Eso lo trasladaron a la Constitución de 1991, la gente de izquierda que logró llegar allí, a ser constituyente. Y luego de eso, la tragedia se profundizó con el desplazamiento, recordemos los ocho años de Álvaro Uribe Vélez en la presidencia donde fueron desplazados dos millones y medio de campesinos y se despojaron más de cuatro millones de hectáreas de tierra. El acumulado del desplazamiento campesino fue de ocho millones de desplazados y diez millones de hectáreas despojadas.
Cuando en el 2014, nosotros empezamos a exigir el reconocimiento en la Constitución como sujetos políticos de derechos, como campesinos, no se entendía desde la institucionalidad por qué hacíamos este reclamo. Ellos decían, ‘bueno, pero es que ustedes son iguales en la Constitución, tienen derecho a todas las leyes, entonces, ¿por qué piden derechos especiales?’ Y claro, ellos no entendían que nosotros somos una historia, una cultura, una espiritualidad, una economía, somos una forma de relacionamiento y de vida territorial.
Para que se logre ese entendimiento, tuvo que pasar el Paro Agrario y tres movilizaciones más con la Cumbre Agraria, Campesina, Étnica y Popular en el 2014, en el 2016 y en el 2018, que fue cuando entró Duque y, a través de una tutela, el Movimiento Campesino del Cauca junto con Dejusticia y con el apoyo de Rodrigo Uprimy, logran a través de una tutela en la Corte Suprema de Justicia obligar al gobierno a constituir una comisión de expertos. Claramente, en esa comisión de expertos no hubo campesinos. Pero, se logró que el DANE nos reconociera y nos censara ya no desde lo étnico y lo económico, sino desde el autorreconocimiento como campesinado ¿Usted se reconoce campesino, sí o no? Era la pregunta, el resultado de eso es que el DANE encontró que somos más o menos 14 millones y medio de campesinos en el país, de ellos el 36% en la ciudad, ahí se evidencia el desplazamiento, y los otros 8 millones de personas (64% o 65%) todavía produciendo comida y resistiendo en el sector rural.
Además, necesitábamos que la gente entendiera que nosotros como campesinos no somos únicamente fuerza de trabajo, yo les decía, ‘mire, ustedes únicamente están viendo a los campesinos en los brazos, porque no les interesa el resto del cuerpo. Los brazos que son los que producen, labran la tierra, producen la comida y hacen las labores ¿y el resto? el corazón, la mente, los sueños del campesino, nunca tuvieron la voluntad de verlos’.
Lo que reclamábamos y lo que seguimos planteando es que el campesino no puede ser únicamente un sujeto económico. El campesino es un sujeto integral que va mucho más allá, y que hace aportes muy importantes a la sociedad colombiana, como lo es el arraigo cultural, que es el que mantiene la resistencia y un proyecto de país auténtico, trabajado, pensado y desarrollado en el mismo territorio.

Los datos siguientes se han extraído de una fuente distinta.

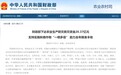 20.37亿元！支持安徽等15省实施秋粮作物“一喷多促”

La charla va mucho más allá, pero la limitación del papel nos hace cortar en este punto y concluir como lo menciona Robert Daza, el hecho innegable de que, con la representación del campesinado en el Congreso de la República en el marco de un Gobierno del Cambio, los campesinos han conseguido más derechos en estos tres años, que en los últimos dos siglos. Continuaremos en la siguiente edición.